**Given information**
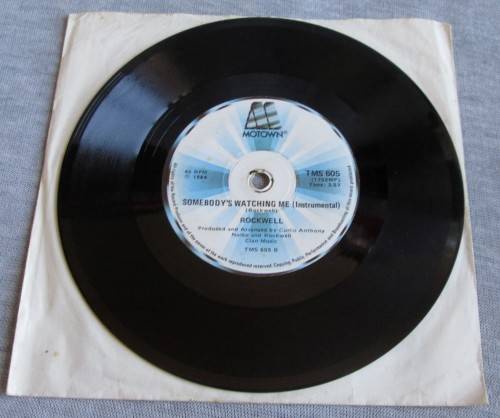 ROCKWELL - 1984 SOMEBODY`S WATCHING ME/INSTURMENTAL (TMS 605) 45RPM RECORD - A3591
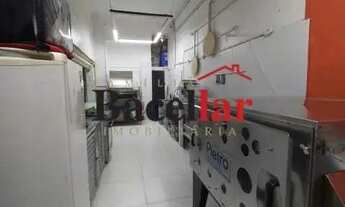 Imagem 4: Prédio a venda comercial e residencial! uma pizzaria, kitnet, sala quarto e dois quartos!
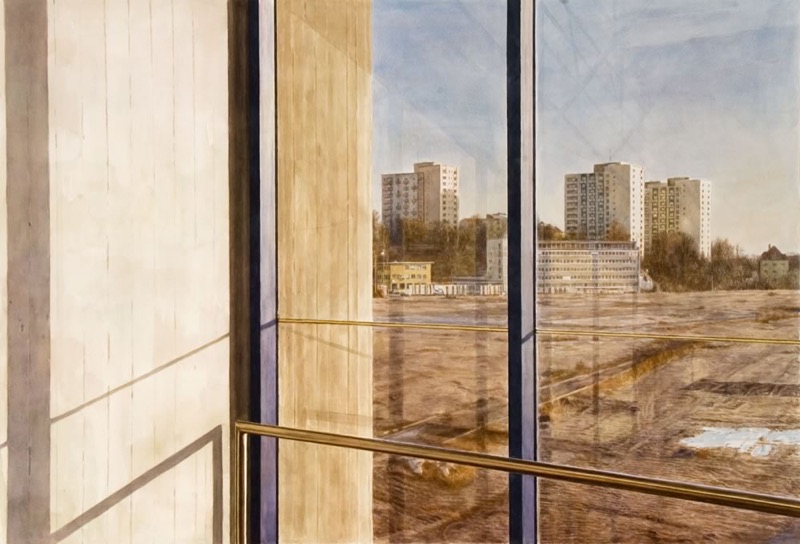 Aquarell: Blick durch eine Glasfront auf eine Brache mit Wohnhochhäusern im Winterlicht, links Wand und Pfeiler, unten ein goldenes Geländer.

**Exercise goal**
A faithful copy of the data is required: each word kept, each picture omitted.

**Solved problem**
 ROCKWELL - 1984 SOMEBODY`S WATCHING ME/INSTURMENTAL (TMS 605) 45RPM RECORD - A3591
 Imagem 4: Prédio a venda comercial e residencial! uma pizzaria, kitnet, sala quarto e dois quartos!
 Aquarell: Blick durch eine Glasfront auf eine Brache mit Wohnhochhäusern im Winterlicht, links Wand und Pfeiler, unten ein goldenes Geländer.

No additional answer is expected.